About this task -> Transcribe all of the data verbatim, please, and leave out its pictures.

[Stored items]
§ §

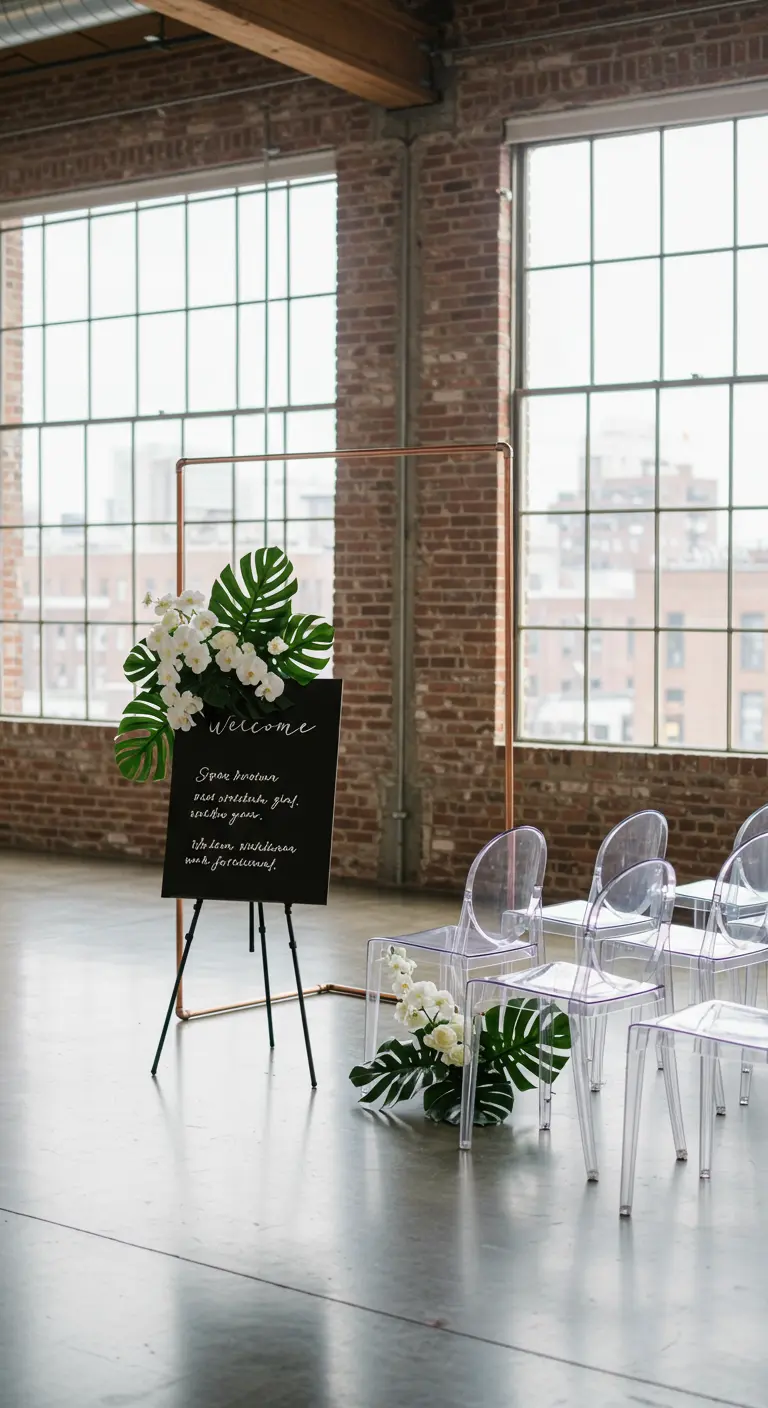 A minimalist copper stand with monstera leaves and a black welcome sign in a loft.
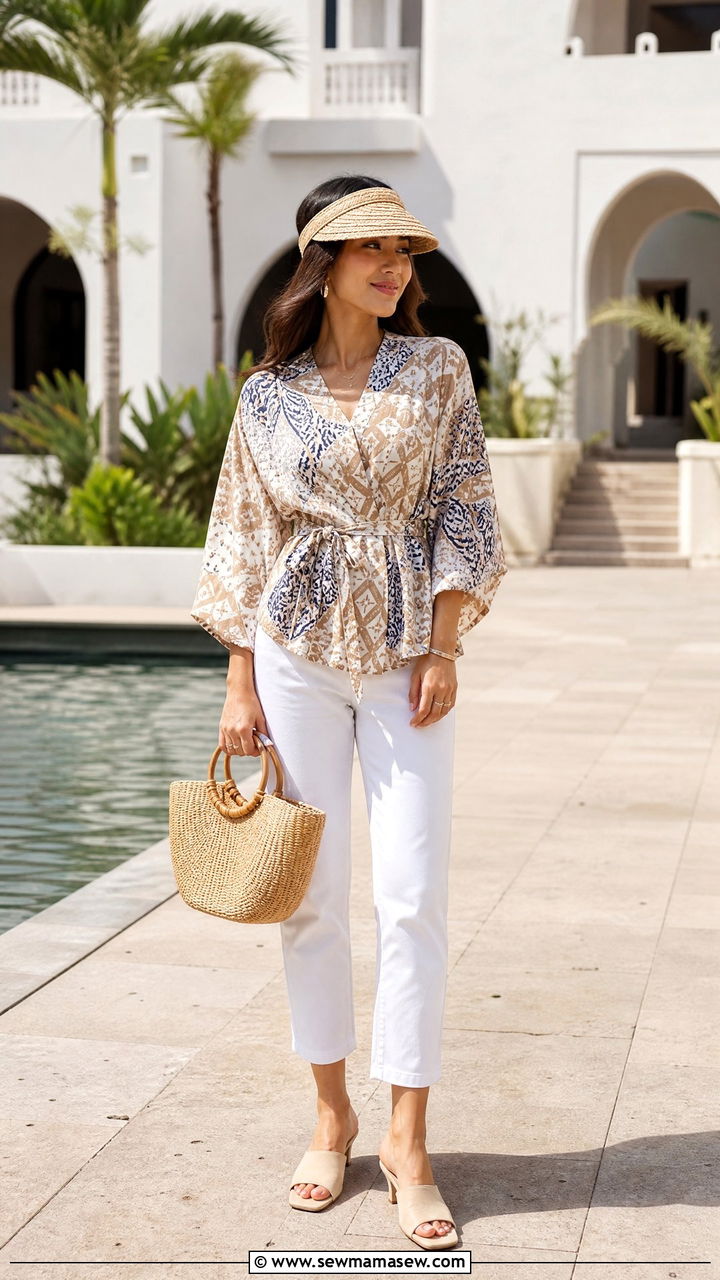 Kimono Sleeve Top And White Jeans - 30 Summer outfits for family vacation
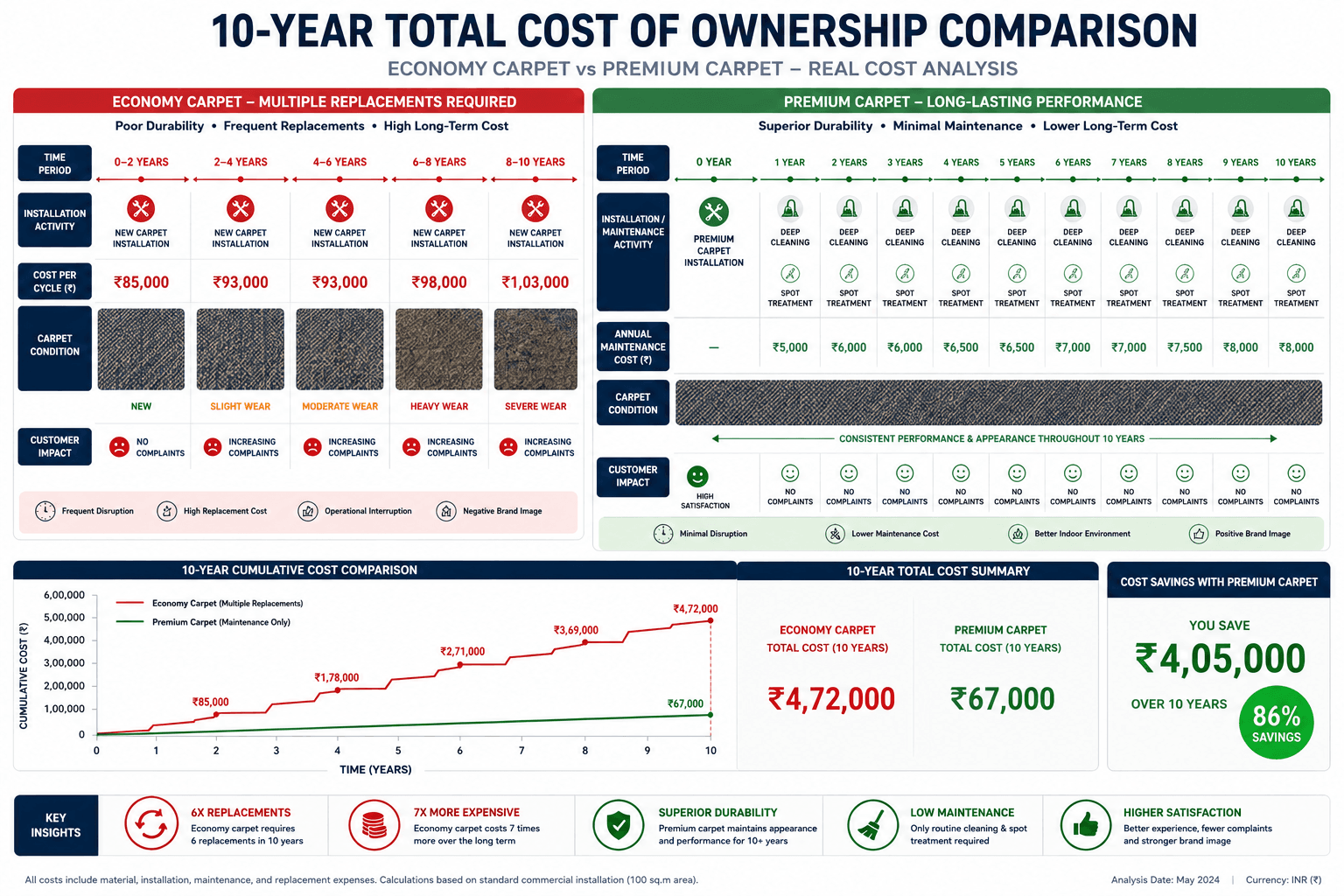 The Hidden Cost of Cheap Carpets: Why Replacing Floor Coverings After 3 Years Destroys Hospitality ROI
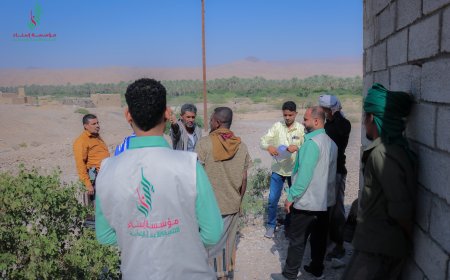 تسليم موقع تنفيذ مشروع انشاء 6 فصول دراسية لمدرسة جزول بمديرية حجر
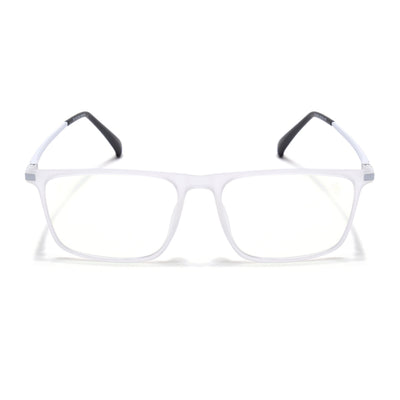 Eyejack Domino Matt Transparent Rectangle Eyeglasses for Men & Women (TR1006FCL1689-C4)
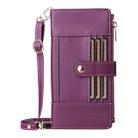 For Samsung Galaxy A55 5G Crossbody Strap RFID Blocking Zipper Wallet Leather Phone Case(Purple) - 2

§ §

Task output ->
 A minimalist copper stand with monstera leaves and a black welcome sign in a loft.
 Kimono Sleeve Top And White Jeans - 30 Summer outfits for family vacation
 The Hidden Cost of Cheap Carpets: Why Replacing Floor Coverings After 3 Years Destroys Hospitality ROI
 تسليم موقع تنفيذ مشروع انشاء 6 فصول دراسية لمدرسة جزول بمديرية حجر
 Eyejack Domino Matt Transparent Rectangle Eyeglasses for Men & Women (TR1006FCL1689-C4)
 For Samsung Galaxy A55 5G Crossbody Strap RFID Blocking Zipper Wallet Leather Phone Case(Purple) - 2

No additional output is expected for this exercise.